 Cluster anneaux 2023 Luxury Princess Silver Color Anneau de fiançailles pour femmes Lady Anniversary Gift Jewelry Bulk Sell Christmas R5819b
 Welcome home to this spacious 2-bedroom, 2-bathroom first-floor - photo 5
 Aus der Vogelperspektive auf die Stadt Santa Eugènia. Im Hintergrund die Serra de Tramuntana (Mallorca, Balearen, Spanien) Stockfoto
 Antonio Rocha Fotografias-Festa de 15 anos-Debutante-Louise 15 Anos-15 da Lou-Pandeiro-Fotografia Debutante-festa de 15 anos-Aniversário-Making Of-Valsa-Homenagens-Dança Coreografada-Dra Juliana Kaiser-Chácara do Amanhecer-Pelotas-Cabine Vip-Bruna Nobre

┄┄┄┄┄┄┄┄┄┄

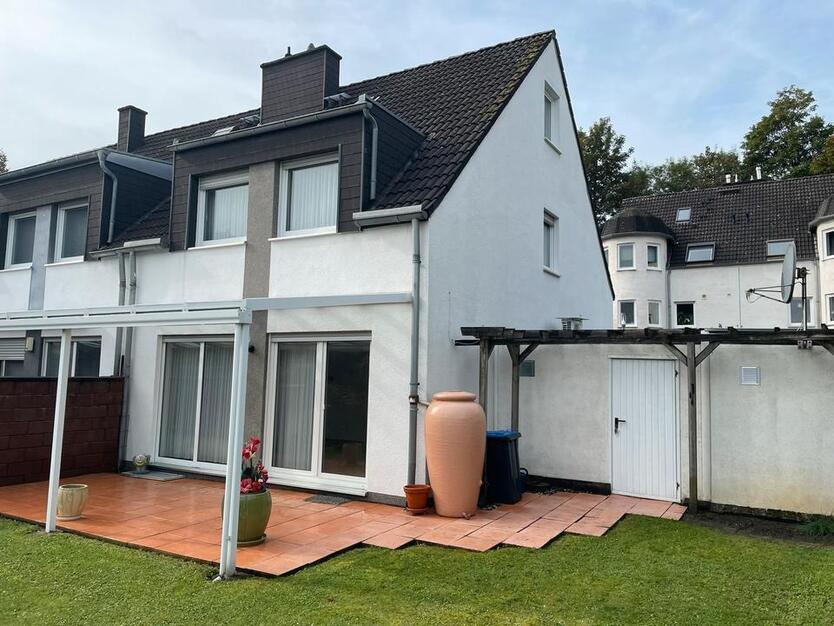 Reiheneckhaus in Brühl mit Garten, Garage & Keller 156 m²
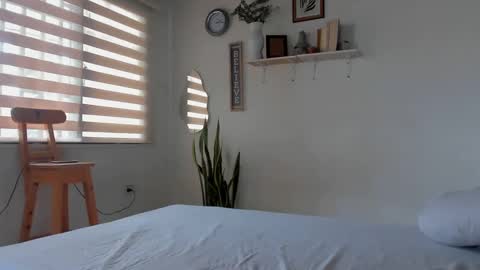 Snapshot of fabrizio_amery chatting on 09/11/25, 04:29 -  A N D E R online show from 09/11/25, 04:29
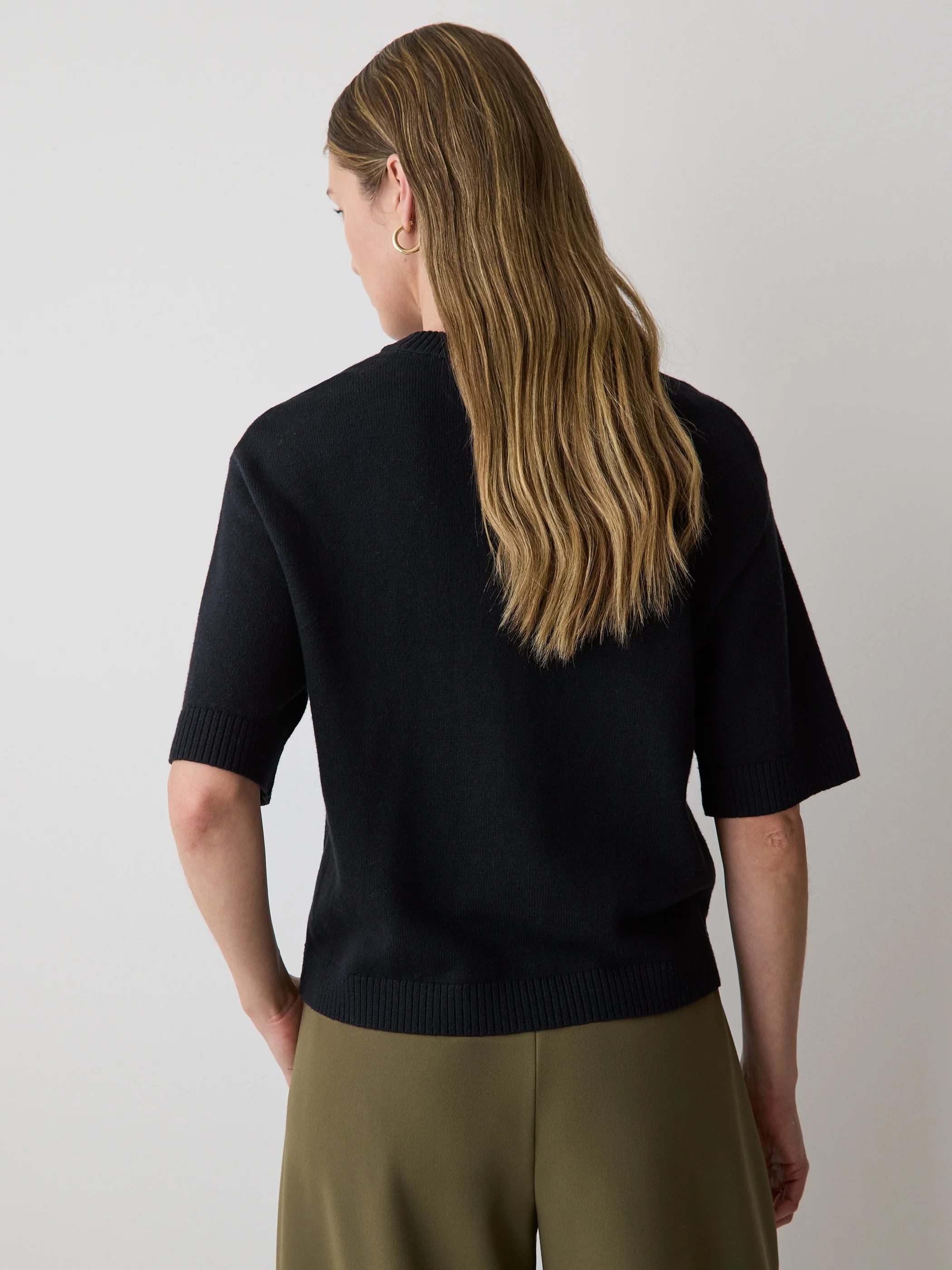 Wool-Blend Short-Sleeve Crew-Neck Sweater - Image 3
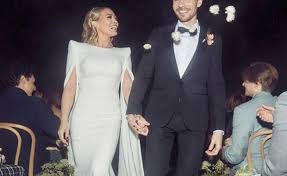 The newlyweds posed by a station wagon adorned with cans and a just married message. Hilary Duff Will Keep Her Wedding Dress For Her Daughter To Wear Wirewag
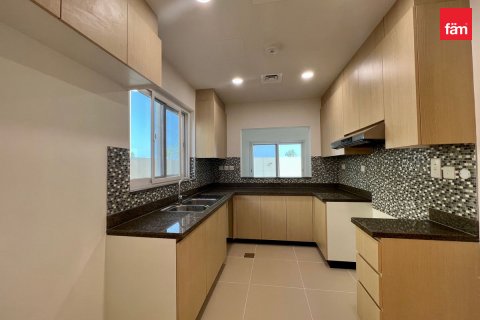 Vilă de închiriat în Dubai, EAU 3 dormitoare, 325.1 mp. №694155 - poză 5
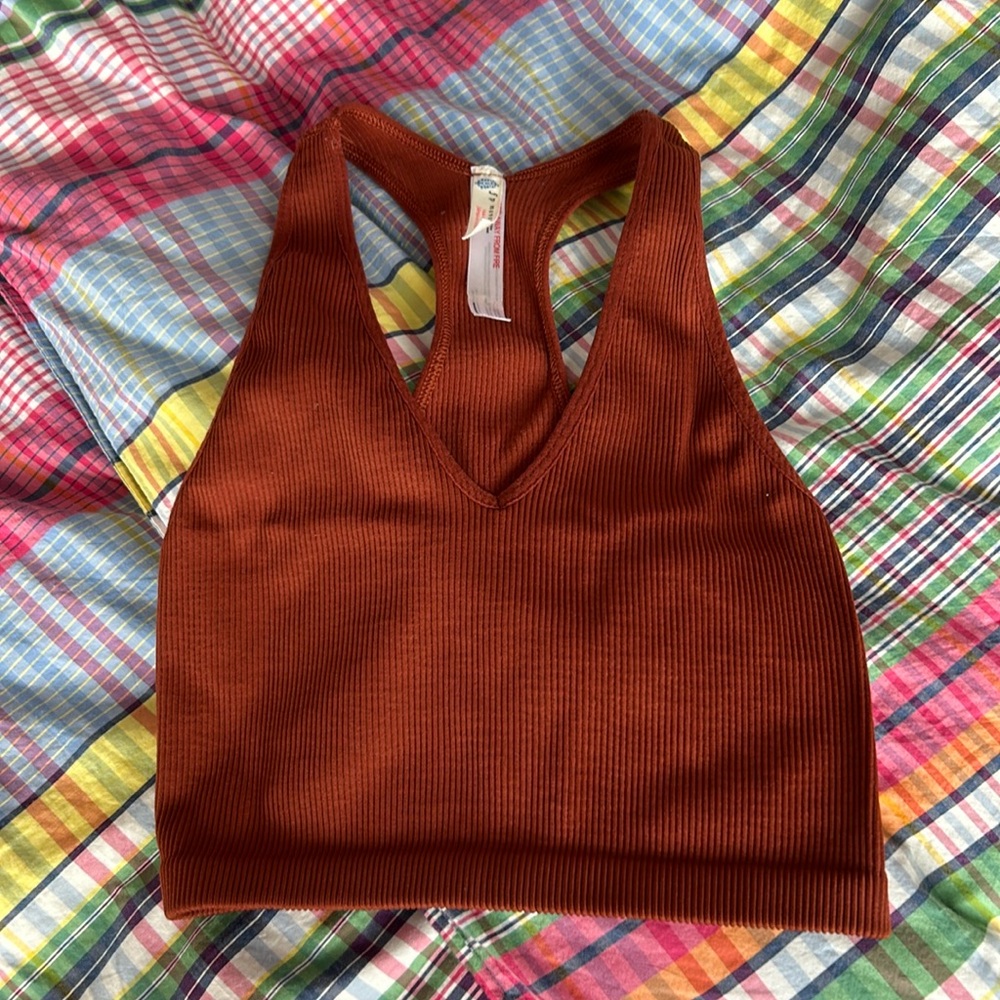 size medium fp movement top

┄┄┄┄┄┄┄┄┄┄

_About this exercise_. Each line from the one that contains "Reiheneckhaus in Brühl" down to the one that contains "size medium fp movement top" is to be returned exactly as it stands above, both ends included, with pictures removed.

_Response to the task_.
 Reiheneckhaus in Brühl mit Garten, Garage & Keller 156 m²
 Snapshot of fabrizio_amery chatting on 09/11/25, 04:29 -  A N D E R online show from 09/11/25, 04:29
 Wool-Blend Short-Sleeve Crew-Neck Sweater - Image 3
 The newlyweds posed by a station wagon adorned with cans and a just married message. Hilary Duff Will Keep Her Wedding Dress For Her Daughter To Wear Wirewag
 Vilă de închiriat în Dubai, EAU 3 dormitoare, 325.1 mp. №694155 - poză 5
 size medium fp movement top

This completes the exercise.